By Steven Siceloff,
Young Professionals Offer Tips for NASA
NASA's Kennedy Space Center
Young researchers, engineers and managers are ready to take on the challenges of NASA's future, a pair of professionals told an audience at the agency's Kennedy Space Center in Florida during the last of a series of "Masters with Masters" interviews.
"A lot of times you have to make people feel comfortable with doing things different," said Annie Caraccio, a chemical engineer at Kennedy whose work includes research on a reactor that turns trash in space into usable oxygen, water and methane.
Phillip Harris of NASA's Johnson Space Center in Houston joined the session from Moscow where he was supporting the latest Expedition crew launching to the International Space Station.
His advice for young professionals at the agency: "Just by talking to people and not being afraid to go ask someone has been very helpful."
Both said the people they've met at NASA have had a singular purpose and are devoted to space exploration. That sense of purpose helped them as they came in, since they were both just starting as the space shuttle fleet was retiring.
"The people at NASA are so passionate and have good attitudes and will get through anything and are very resilient," Caraccio said.
"I found people at NASA who know that no matter where we are going, we are going somewhere amazing," Harris said.
The interview closed a week of specialized interviews at Kennedy for the NASA academy.
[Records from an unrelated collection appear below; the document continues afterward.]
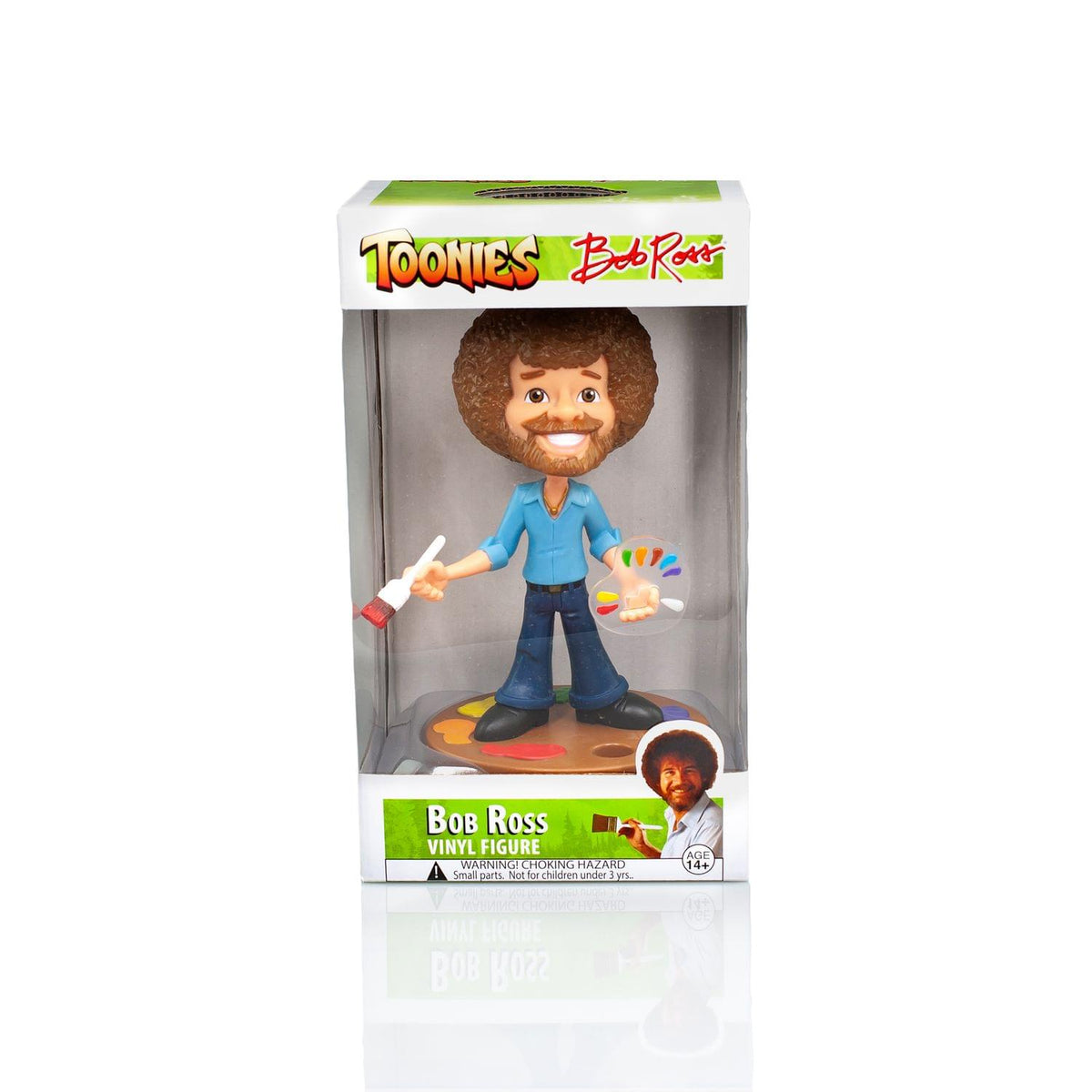 TOONIES BOB ROSS 6.5" VINYL FIGURE COLLECTIBLE | FULL COLOR VERSION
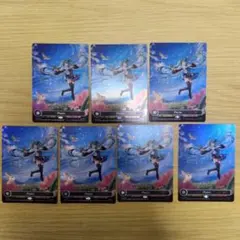MTG 初音ミク Plains 平地 7枚セット 土地 miku
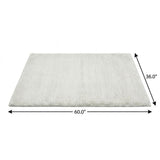 3' X 5' Gold And Beige Abstract Shag Washable Area Rug With UV Protection - HomeRoots - Flyclothing LLC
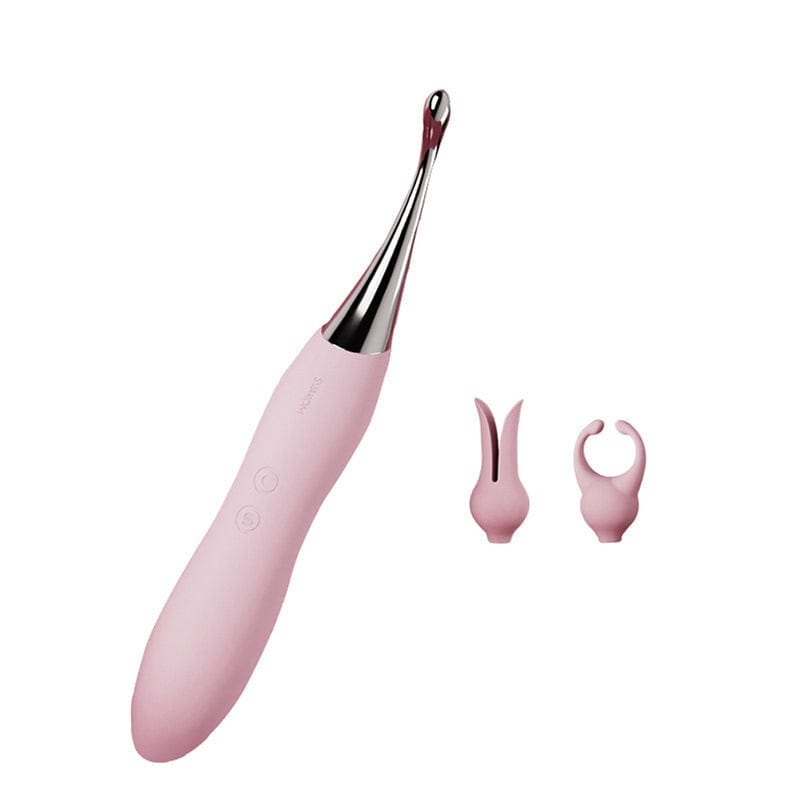 Pink interchangeable head wand massager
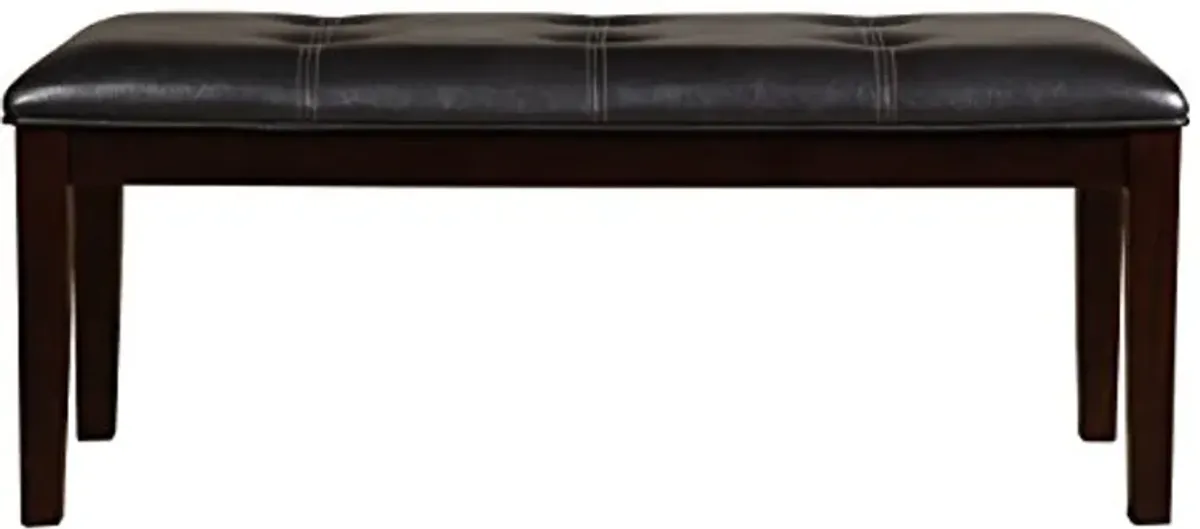 Homelegance Dining Bench, 49-Inch, Western, Dark Brown, Espresso Finish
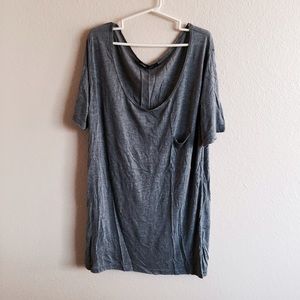 Brandy Melville Gray Pocket Tee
Ed Hoffman, the agency's chief knowledge officer, said the sessions give the workforce a chance to think about the steps they have taken and consider how much is done.
"One goal is to share knowledge, what are people thinking about, what are they working on, and the second is to make us as an organization be more reflective," Hoffman said. "We're always running. Let's stop and reflect on what we're doing."
The interviews included Bob Cabana, Kennedy's director, former shuttle launch director Bob Sieck, Commercial Crew Program managers and managers of the engineering lab at Kennedy called Swamp Works.
"There's so many great stories and so much great science at Kennedy," Hoffman said. "It's been great."